──────── Available records ────────
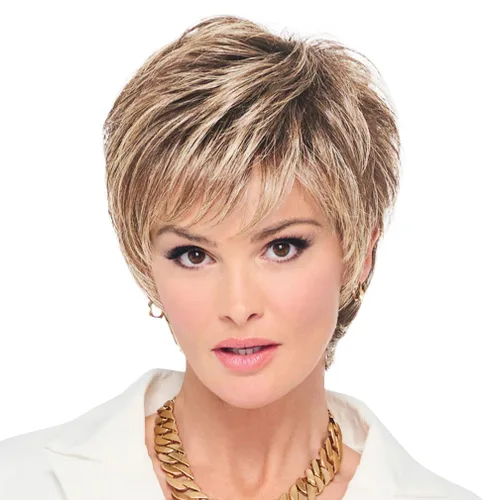Vista 32 de Raquel Welch - Peluca corta Bob atada a mano feroz y enfocada por Hairuwear, gorra de tamaño medio, castaño iluminado por el sol RL10/12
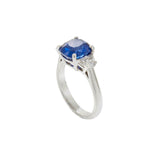 18KT White Gold Ceylon Sapphire and Diamond Ring
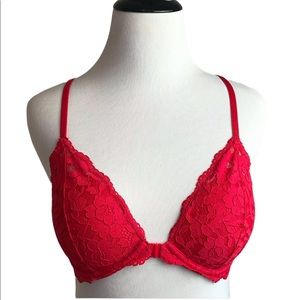 Victoria's Secret PINK Red Floral Lace Date Racerback Bra / 34C / Push-Up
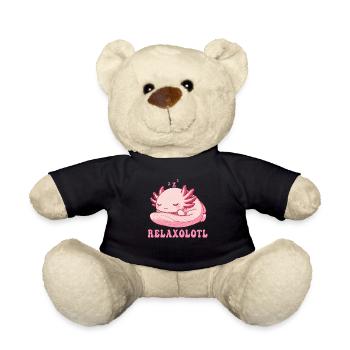 Relaxolotl Axolotl Late Riser Sleeping Chilling - Teddy Bear - black - Front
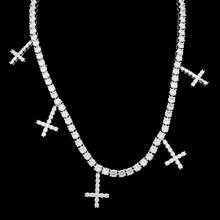 Colar aaa + pedra cz brilhante, colar de 1 fileira de tênis em cruz com 5 corrente, para homens e mulheres, joias de rapper, presente de ouro 2024 - compre barato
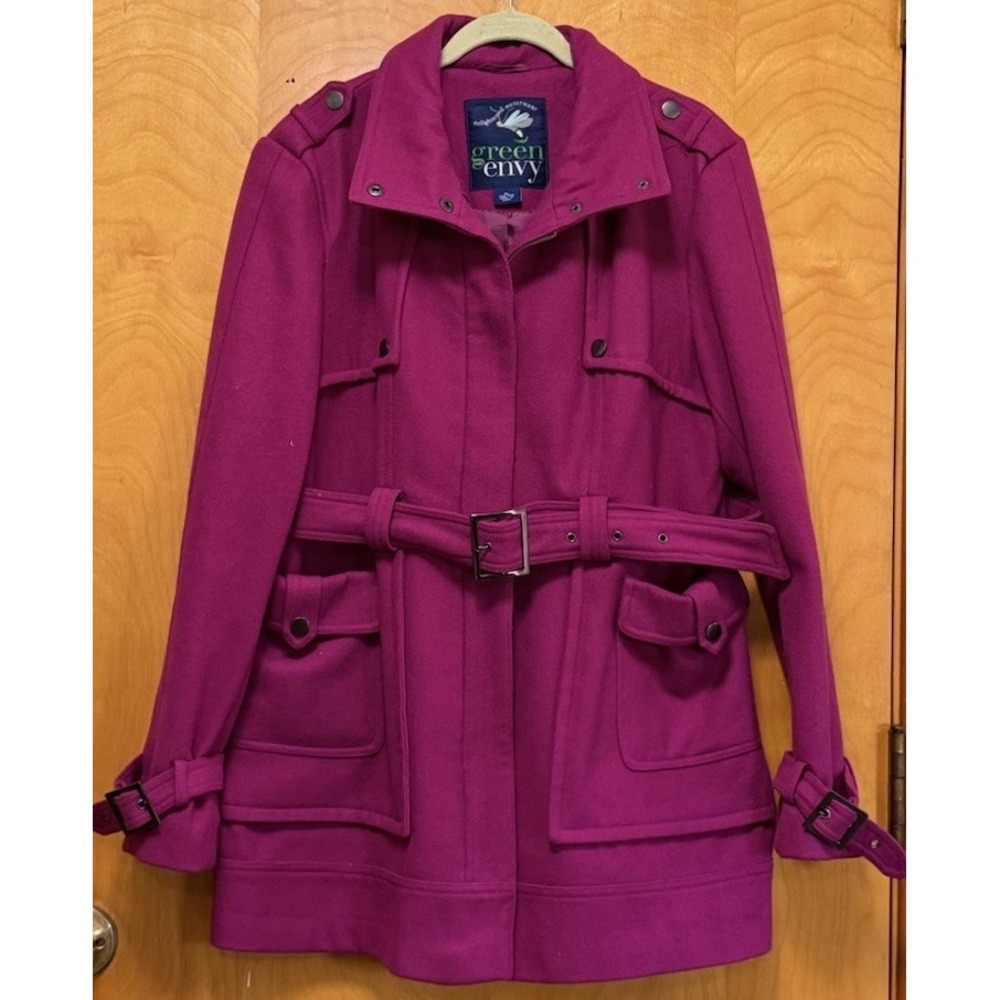 Green with Envy Womens Wool Blend Belted Trench Coat Jacket Mulberry Sz XL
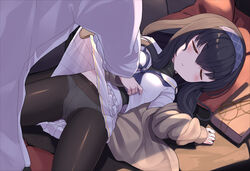  1boy black_hair black_pantyhose blue_archive clothes_lift commentary_request couch eyewear_strap female glasses hair_between_eyes hairband highres jacket long_hair long_sleeves low_twintails lying midriff navel on_back out_of_frame paid_reward_available panties panties_under_pantyhose pantyhose pillow pleated_skirt school_uniform sensei_(blue_archive) serafuku sidelocks skirt skirt_lift sleep_molestation sleeping straight sweater_jacket templus turtleneck twintails ui_(blue_archive) underwear unworn_eyewear white_skirt 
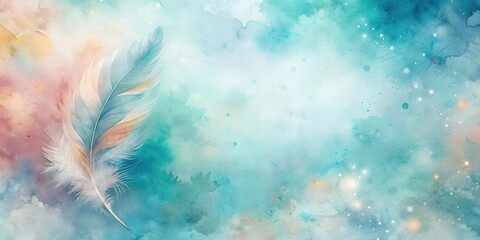 Wall Mural - Serene Watercolor Feather Design A Pastel Dreamscape with Soft Hues and Delicate Textures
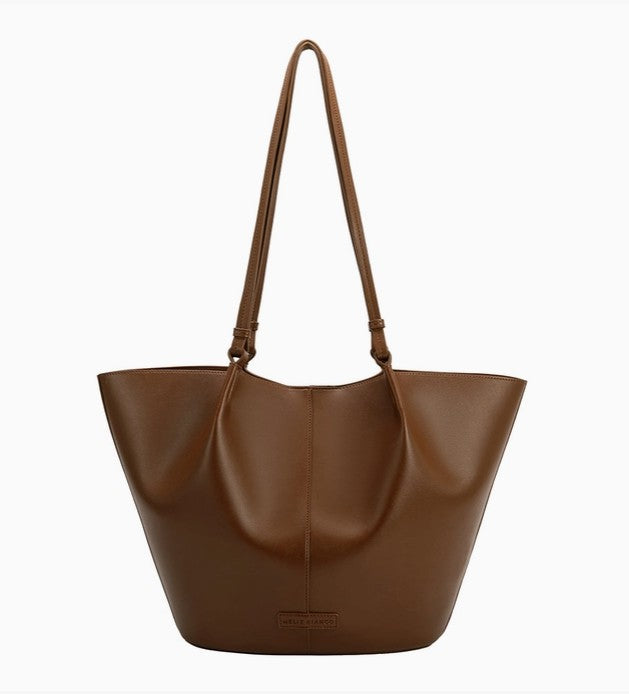 Melie Bianco Lydia Saddle Shoulder Bag in Brown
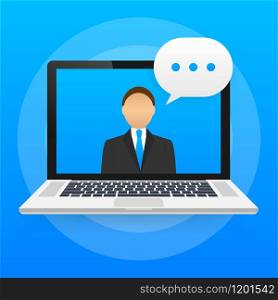 Online education, Video call, Learning tutorial, Internet courses. Vector stock illustration. Online education, Video call, Learning tutorial, Internet courses. Vector stock illustration.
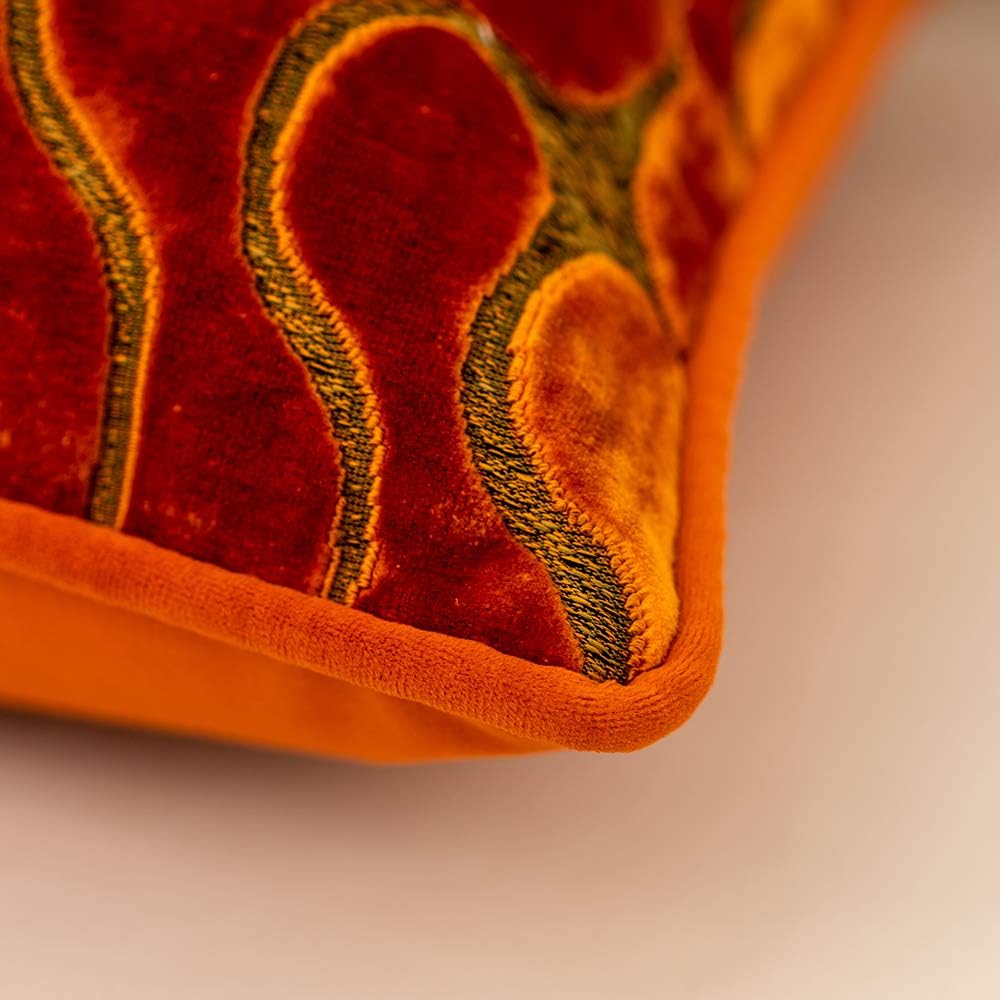 Orange Square Throw Pillow Cover Wavy Velvet Cushion Cover Modern Zippered Pillowcase, 20 x 20 Inch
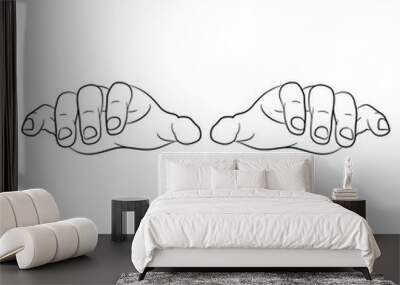 Front view of two human hands in typing gesture. Cartoon style. Black and white linear silhouette. Wall mural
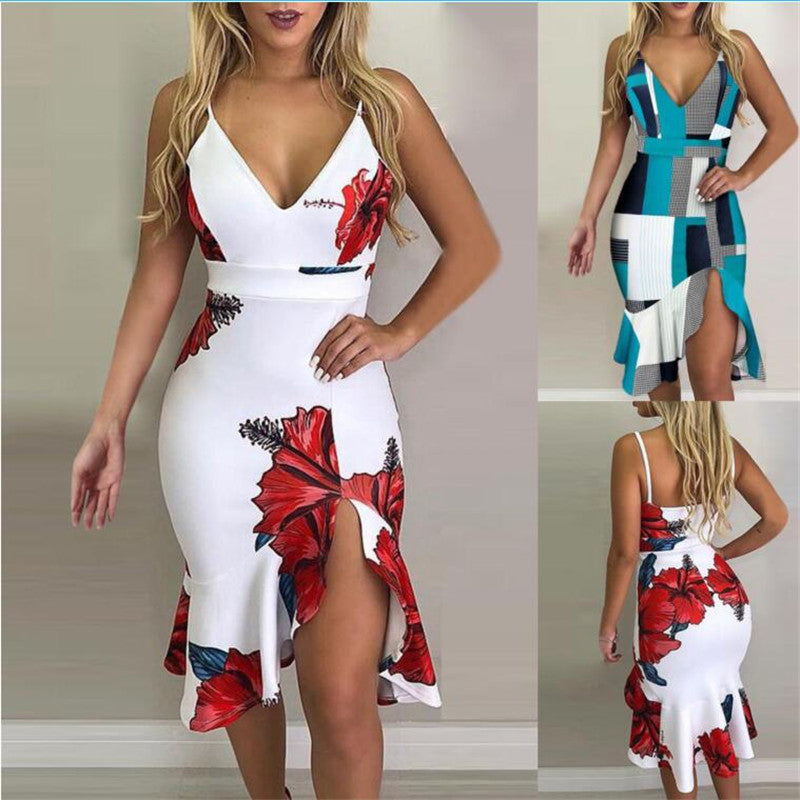 Printed V-Neck Split Midi Dress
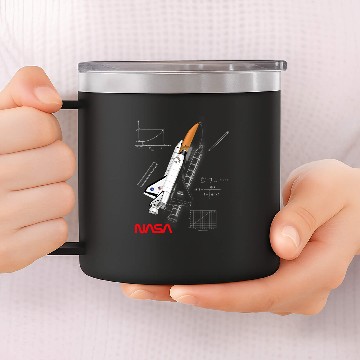 Discover NASA Space Shuttle chalk drawing Worm Logo Baseball Tees 14oz Stainless Steel Tumblers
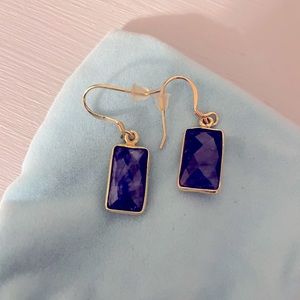 Gold plated natural sapphire earrings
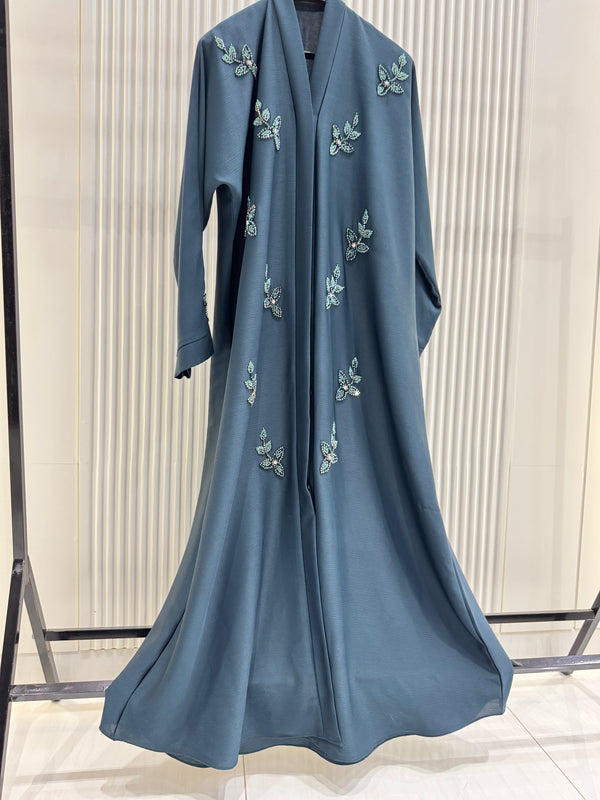 Blue Nida Abaya – Elegant Full-Length Modest Dress for Women (54 Inches)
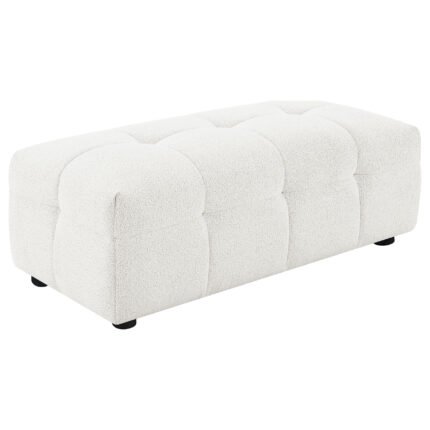 Everly Boucle Upholstered Rectangular Ottoman Off White product image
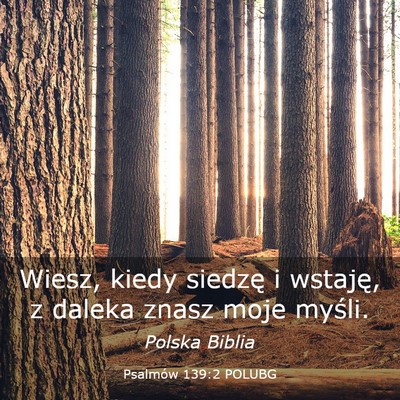 Picture 03 - Psalmów 139:2 POLUBG - Wiesz, kiedy siedzę i wstaję, z daleka znasz - Bible Verse Picture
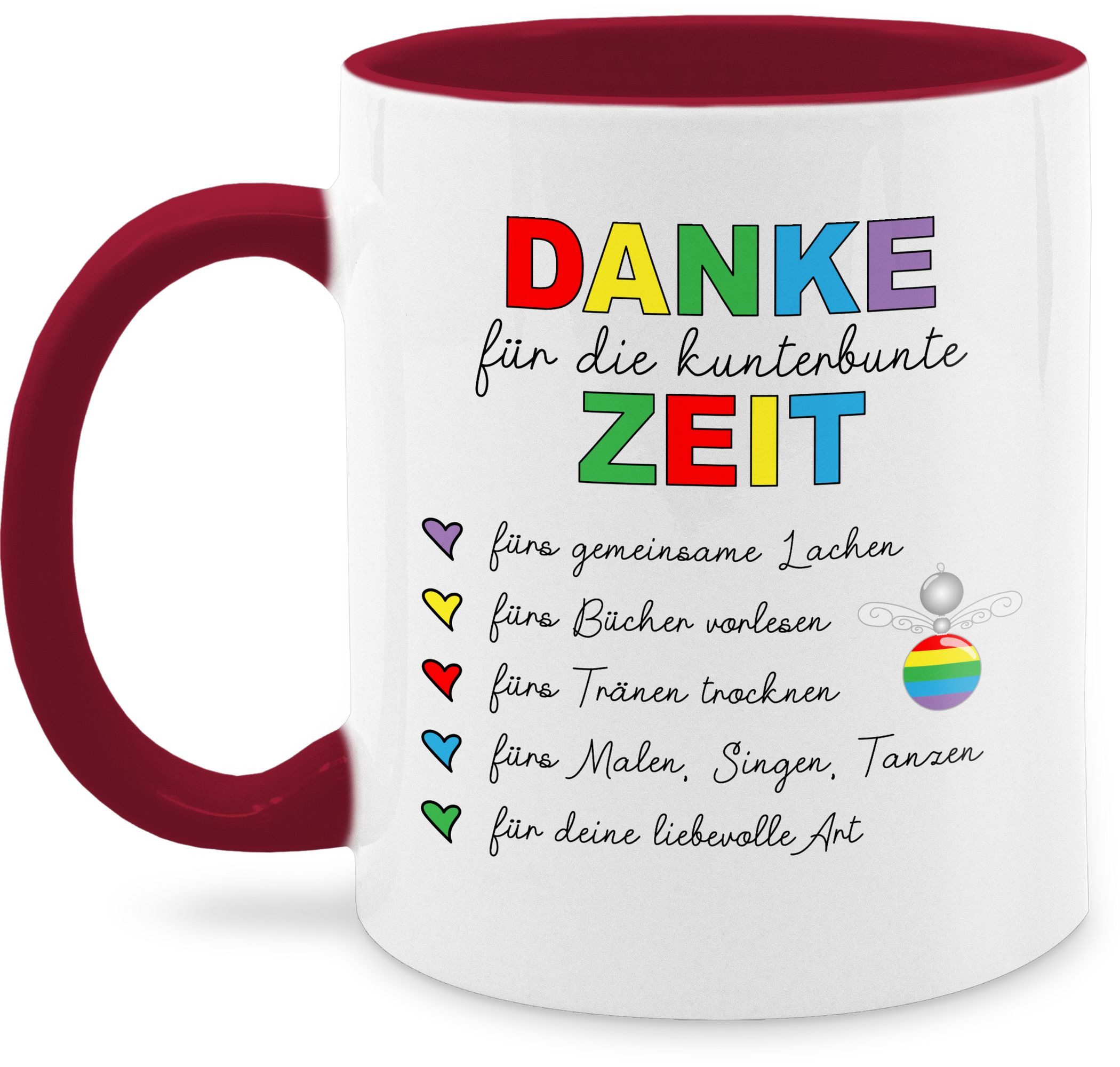 Shirtracer Tasse Danke für die kunterbunte Zeit, Abschiedsgeschenk Erzieherin, Erzieh, Keramik, Erzieher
────────
## Exercise goal:
All of the data above must be printed exactly, minus its pictures.

## Output below:
Vista 32 de Raquel Welch - Peluca corta Bob atada a mano feroz y enfocada por Hairuwear, gorra de tamaño medio, castaño iluminado por el sol RL10/12
 18KT White Gold Ceylon Sapphire and Diamond Ring
 Victoria's Secret PINK Red Floral Lace Date Racerback Bra / 34C / Push-Up
 Relaxolotl Axolotl Late Riser Sleeping Chilling - Teddy Bear - black - Front
 Colar aaa + pedra cz brilhante, colar de 1 fileira de tênis em cruz com 5 corrente, para homens e mulheres, joias de rapper, presente de ouro 2024 - compre barato
 Green with Envy Womens Wool Blend Belted Trench Coat Jacket Mulberry Sz XL
  1boy black_hair black_pantyhose blue_archive clothes_lift commentary_request couch eyewear_strap female glasses hair_between_eyes hairband highres jacket long_hair long_sleeves low_twintails lying midriff navel on_back out_of_frame paid_reward_available panties panties_under_pantyhose pantyhose pillow pleated_skirt school_uniform sensei_(blue_archive) serafuku sidelocks skirt skirt_lift sleep_molestation sleeping straight sweater_jacket templus turtleneck twintails ui_(blue_archive) underwear unworn_eyewear white_skirt 
 Wall Mural - Serene Watercolor Feather Design A Pastel Dreamscape with Soft Hues and Delicate Textures
 Melie Bianco Lydia Saddle Shoulder Bag in Brown
 Online education, Video call, Learning tutorial, Internet courses. Vector stock illustration. Online education, Video call, Learning tutorial, Internet courses. Vector stock illustration.
 Orange Square Throw Pillow Cover Wavy Velvet Cushion Cover Modern Zippered Pillowcase, 20 x 20 Inch
 Front view of two human hands in typing gesture. Cartoon style. Black and white linear silhouette. Wall mural
 Printed V-Neck Split Midi Dress
 Discover NASA Space Shuttle chalk drawing Worm Logo Baseball Tees 14oz Stainless Steel Tumblers
 Gold plated natural sapphire earrings
 Blue Nida Abaya – Elegant Full-Length Modest Dress for Women (54 Inches)
 Everly Boucle Upholstered Rectangular Ottoman Off White product image
 Picture 03 - Psalmów 139:2 POLUBG - Wiesz, kiedy siedzę i wstaję, z daleka znasz - Bible Verse Picture
 Shirtracer Tasse Danke für die kunterbunte Zeit, Abschiedsgeschenk Erzieherin, Erzieh, Keramik, Erzieher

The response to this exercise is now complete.